その砂糖が正規の認可量以上に大量に運び込まれていると言うのだ。徴税逃れの疑惑があるならば、調べる必要がある。

さらに、運び込まれてくる経路については不明であるが、仮に海上で瀬取りして、荷を藩内に持ち込んでいるとすれば、藩の海防に穴があることになる。隼人は由々しき問題だと、難破した異国船の戦闘能力を調べて以来、海防に力を入れている軍奉行の萱野軍平を呼んだ。

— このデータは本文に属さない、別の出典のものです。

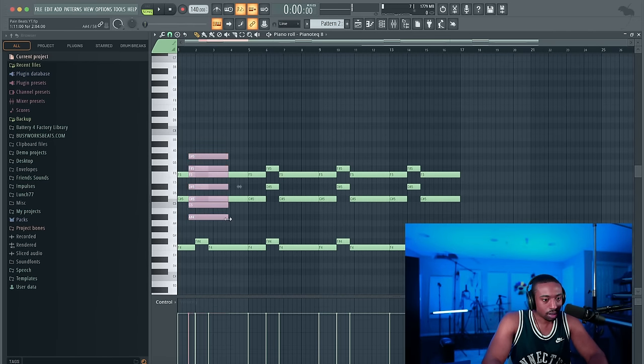All right, so happy beat making. Again, you will get the project files for free. Just go to BusyWorksBeats.com slash FL Studio. Thank you for watching. It's game from BusyWorksBeats.com. Peace.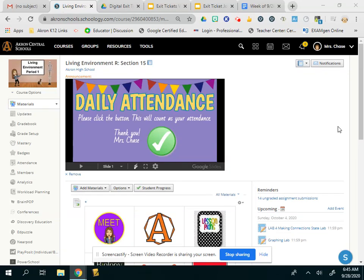Good morning and happy Monday. I hope you guys had a great weekend. It was so nice out. Okay, so let's look at today's activities.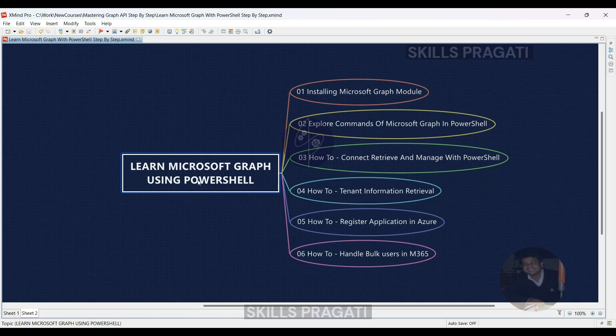Welcome to Crash Course Learn Microsoft Graph with PowerShell. Are you excited to learn how to use Microsoft Graph and PowerShell to make your work easier?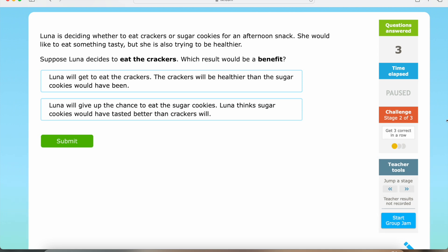For our first question in the benefits section, Luna is deciding whether to eat crackers or sugar cookies for an afternoon snack. She would like to eat something tasty, but she is also trying to be healthier. Suppose Luna decides to eat the crackers — which result would be a benefit?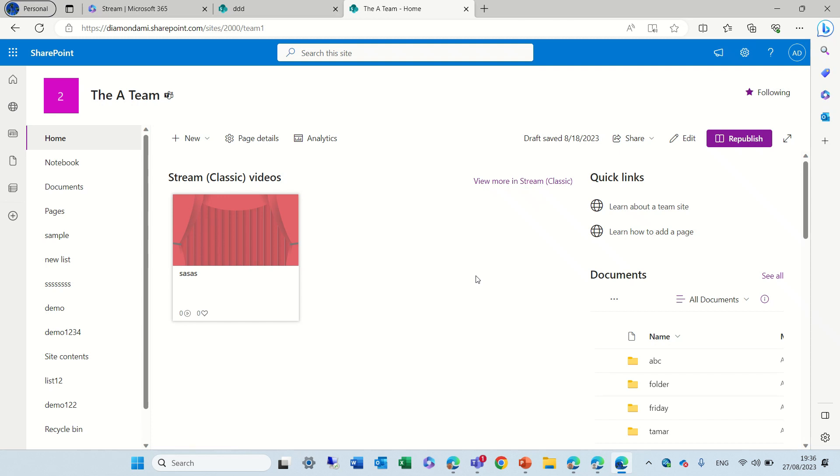Hi everyone, this is Ami Diamond. How are you? From SharePoint Wizard. In this episode, I'd like to show you a new sharing experience for pages in SharePoint.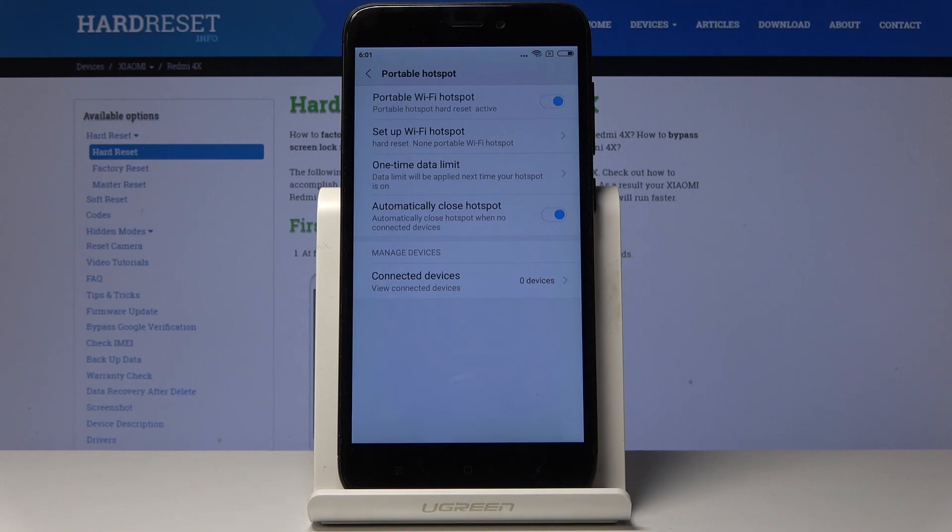And that's it. As you can see it has been activated so now you can share your network with other devices.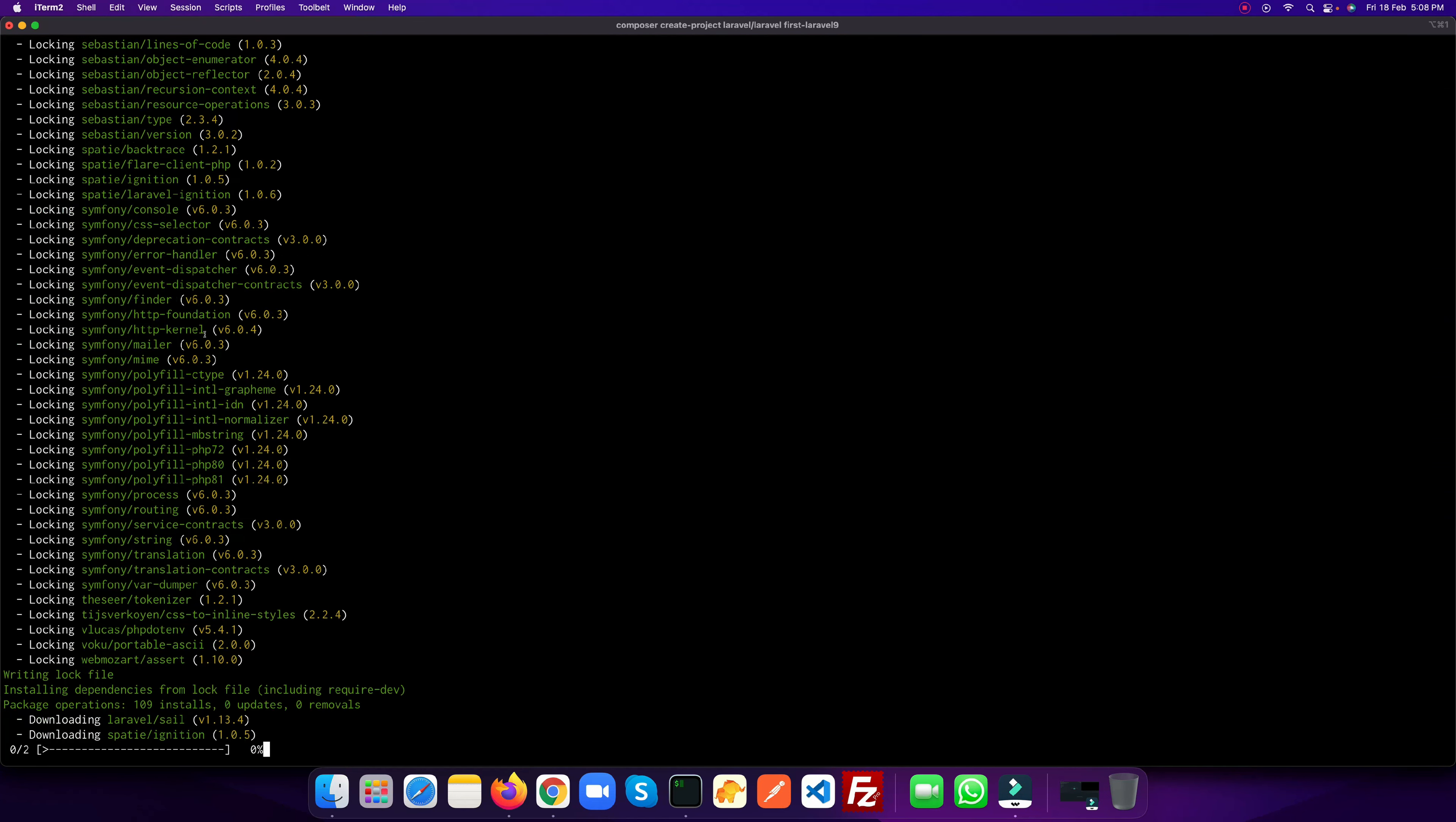I'm going to name it 'first-laravel-9'. As soon as I hit enter it will install. As you see, it's downloading Laravel 9.0.1 and installing all the Composer dependencies. It's installed, so let's go to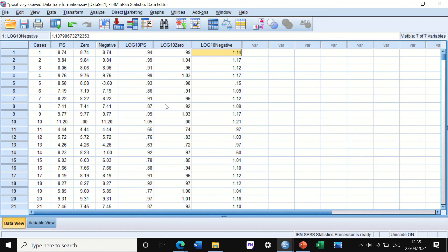So these are the three ways to apply log10 transformation: for skewed data with no zeros or negative values, for data that has zero values (add 1), and for data that has negative values (add a constant larger than the most negative value).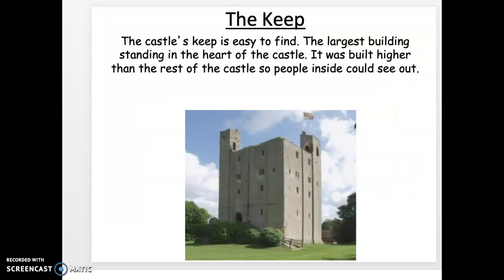The main structure of the castle is the keep, and it's usually the tallest structure of the castle. It's the largest and usually stands in the heart or the center of the castle. It's built higher than the rest of the castle so people could stand here for protection and see from the outside what's going on.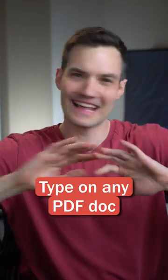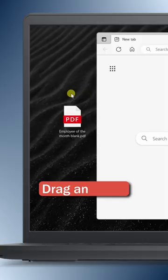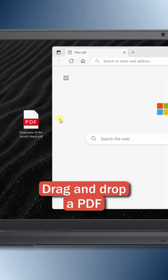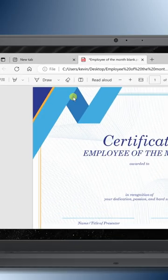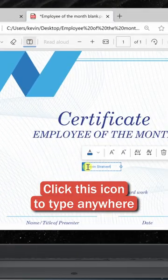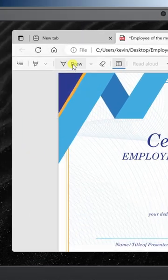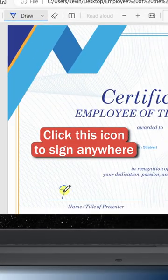Here's how you can type on any PDF document. Drag and drop a PDF into Microsoft Edge. Then click on this icon and you can type anywhere on the page. Click on this icon and you can sign anywhere on the page.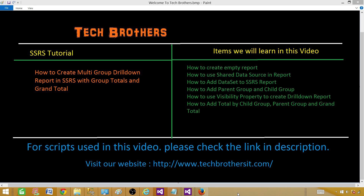Welcome to Tech Brothers. Today we are going to learn how to create a multi-group drill-down report in SSRS with group totals and grand total. There is a lot to learn in this report, so pause the video and take a look at the bullet points and all the things we are going to learn in this video.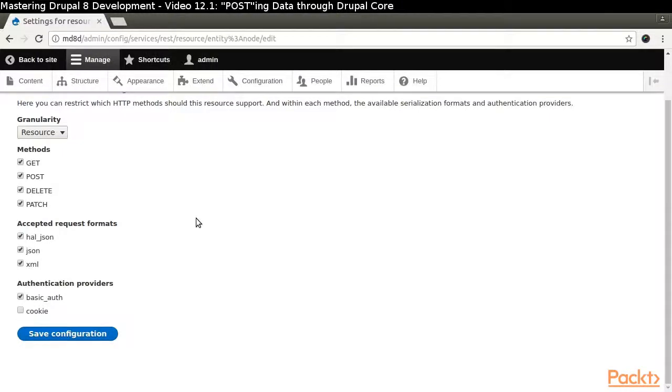The format options specify how Drupal will serialize its response, not how we are allowed to format our POST data. We had updated those in a previous video.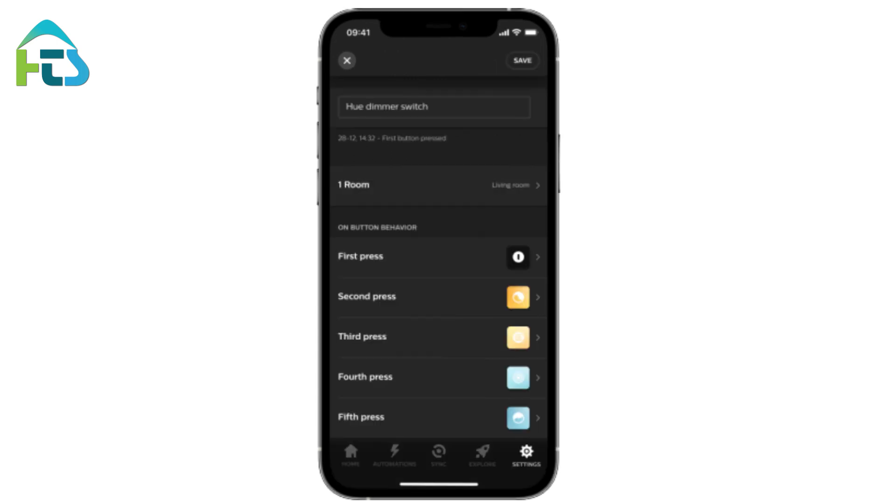Once the Hue app has found the dimmer switch, follow the on-screen instructions. You will be able to select which room or zone the dimmer switch controls, as well as what the buttons do.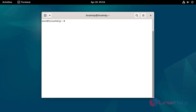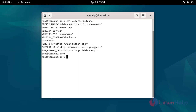Check the OS version by using the following command. Update system packages by using the following command.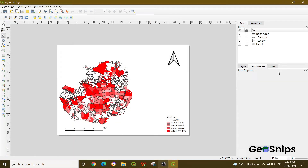Hello everyone, welcome back to Learning with Geo Snips. We are back with another video tutorial. This is part of exporting a map using print layout. If you have seen our previous video, you know how to add a layer in the print layout option, how to add legend, scale, and north arrow. This is where we left off in our previous video. Today we are going to tell you how you can add a table in your print layout.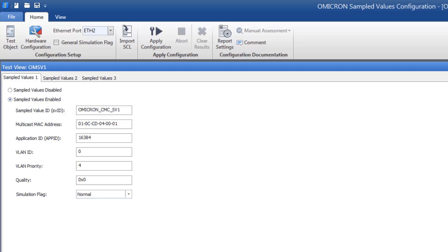You can activate each single stream after defining its settings, like Sampled Values ID or Multicast MAC address. The different streams on a network are identified through these parameters.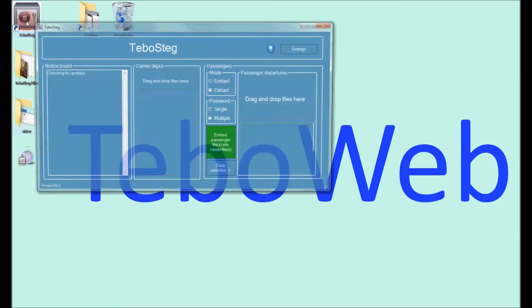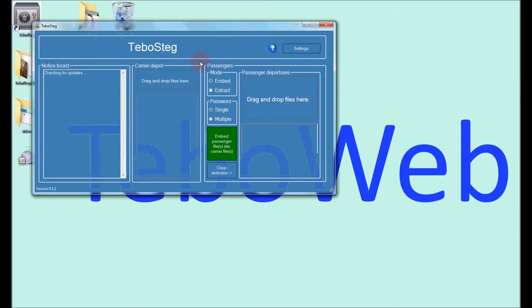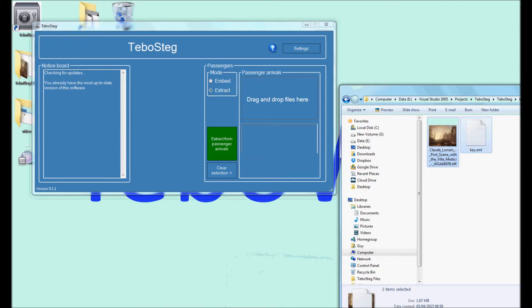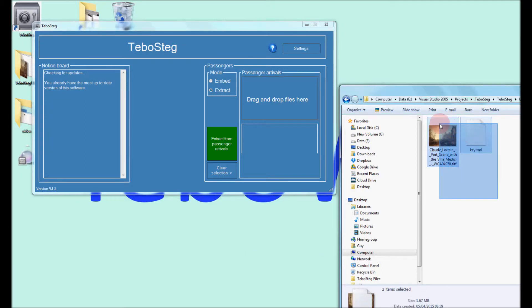Open Tebowsteg and ensure that the Extract radio button is selected. Drag and drop the carrier and key files onto the Passenger Arrivals area.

萱野軍平はまだ若く、疲れを知らない猪突猛進型で、思い立つと後先構わず行動に移す性格だった。家老の新宮寺宅を辞すると、その足で、海防方組頭の宇美野正蔵の役宅に自ら足を運んだ。

「宇美野殿、抜け荷の話を御存じありませんか」

「抜け荷?」

宇美野には聞いたことのない話だった。

海上での抜け荷の事実があるとすると、海防にも関わるかもしれず、責任を問われかねない。

「いや、はっきりしたことはわかっていないのですが、城下に大量の砂糖が出回っているらしく、それが御家老の耳に入ったのです」

萱野軍平は年上の宇美野に丁寧な言葉を使った。

萱野軍平が軍奉行になりたての頃はずいぶんと無茶を言ってきた。でも、できないものはできないと、わけを言って断ると、素直に聞く耳をもっていた。宇美野は萱野のそういうところが気に入って、年下であるが親しくしている。

変わり者の萱野はなぜだか妻帯せず、いまでは、暇があると宇美野家に顔を出し、妻女の手料理を楽しんで帰ったりする。萱野は早くに両親を亡くしたせいで、母親の味を求めていたのかもしれない。特に冬につける蕪かぶら寿しとか、太い午蒡の治部煮とかが大好物だった。

萱野軍平から勢戸屋の抜け荷の疑惑を聞いた宇美野は、勢戸屋が抜け荷の荷を持ち込むとしたら、やはり大量の物資が運び込まれる金崎港だろうと、直ちに、舟で粗衣川を下った。

金崎港を取り仕切っているのは、舟手奉行の神かんな流豪右衛門という幼馴染であるが、城下から離れているので、近頃はめったに会うことはない。そんなで、旧交を温めるには良い機会だと思ったのもある。

抜け荷の荷が普通の荷と一緒に運ばれているのなら、海防に何ら問題がない。宇美野と神流はしばらくの間、港に入って来る荷を監視した。

金崎港で上げ下ろしされる荷はすべて申告されているから、それとの比較で、ときどき、抜き打ちに荷改めもしたが、何も見いだせなかった。特に、勢戸屋が扱う荷には注意したが、それも問題はなかった。